Tue Nov 1 17:41:21 EDT 2011
regexp -> pregexp
Apache log parser broke. Trouble seems to be related to the use of
`regexp'. Using `pregexp' at least some things work..
Overall the thing is that this is really too brittle and hard to
debug. Let's just make something that reads one item at a time in a
more automatic way. It seems quite straightforward to dispatch on the
- " string
- [ date
- ? space-separated word
It works pretty well with just "read" but as I remembered that was
horribly slow, which was the main reason why I used regexps. So let's
stick to that decision and find a way to debug better.
What I really want is composable regular expressions with named
variable binding (not position mapping).
Anyways, I fixed the bug in the match string and went on to use the
(test) routine, which filled up memory after 4meg lines, using
apparently about 1k per line. That's a bit over the top..
Total number of lines is 4080622 which takes a couple of minutes to
parse. Estimate about 25k lines/second. That's fairly reasonable.
Now what about hashing it so the main table can be dumped out as a
table of indices so we don't need to let the database do this.

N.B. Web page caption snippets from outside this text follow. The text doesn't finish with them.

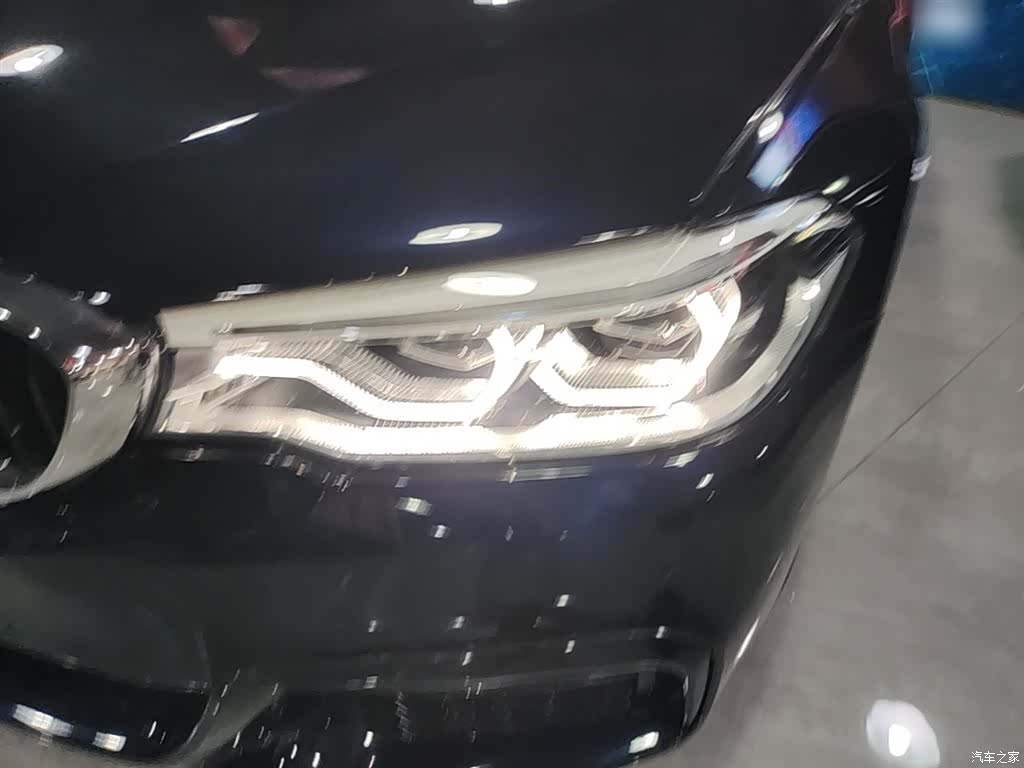 BMW 5 Series, 2018 24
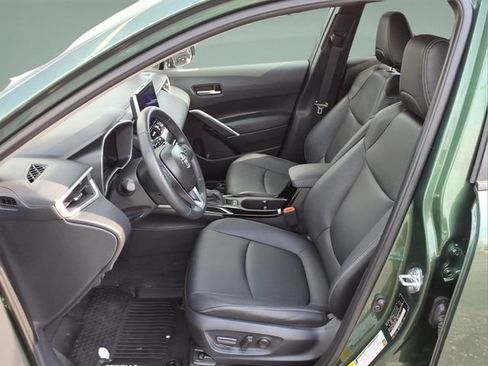 Used 2025 Toyota Corolla Cross XLE w/ Convenience Package AWD/4WD image 28
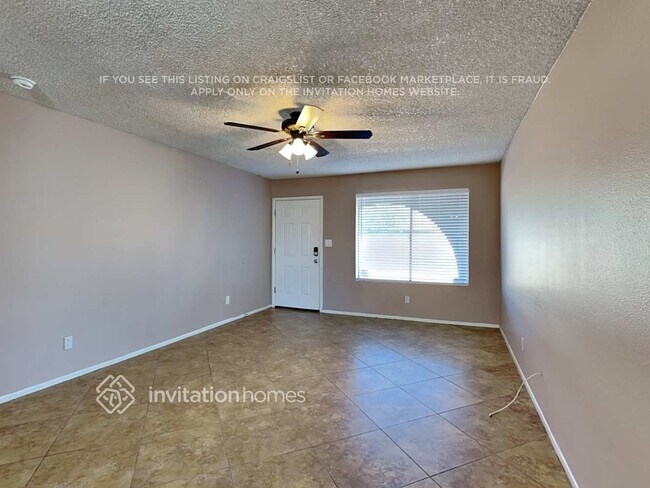 Foto del edificio - 2933 W Grovers Ave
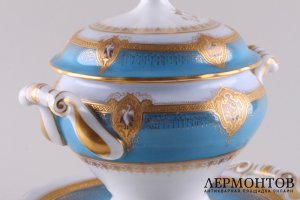 Соусник с изображениями птиц. Фарфор, роспись. Российская империя, завод Кузнецова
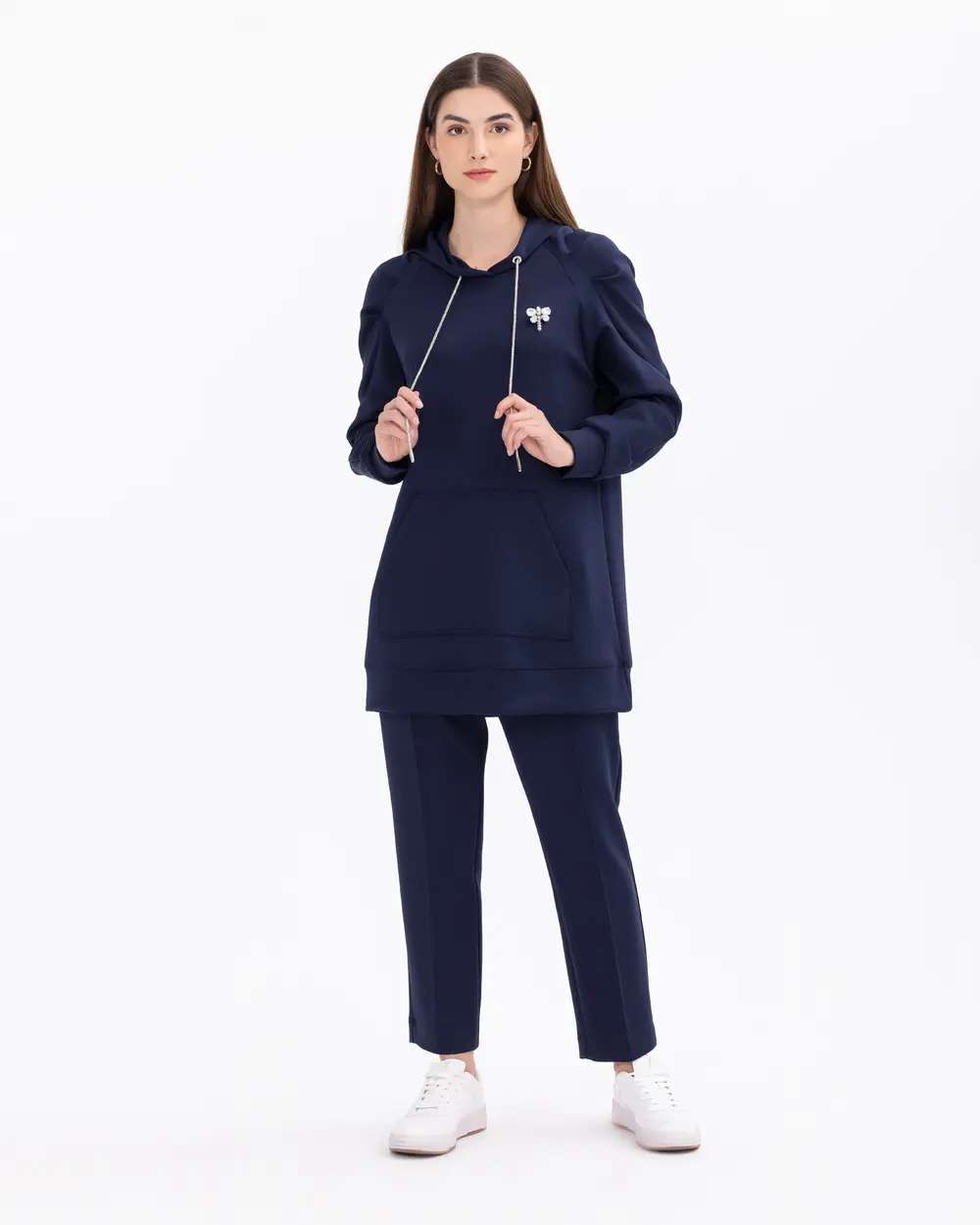 Kapüşon Yaka Aksesuarlı Sweatshirt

tom@zoo:~/plt/lib/x$ time mzscheme -it apachelog.ss -e '(begin(test)(exit))'
tom@zoo:~/plt/lib/x$ /opt/apache-logs/sorted | mzscheme -t apachelog.ss -e '(test)'
848597 date: (#(struct:exn:fail "find-secs: non-existent date (inputs: 0 17 2 13 3 2011)" #<continuation-mark-set>) #"00" #"17" #"02" #"13" #"Mar" #"2011")
Looks like a bug:
(find-seconds 1 17 2 13 3 2011)
find-secs: non-existent date (inputs: 1 17 2 13 3 2011)
Let's see if it's in current snapshot.
Still there. Sent email to list. See next post.
EDIT: was a daylight saving thing..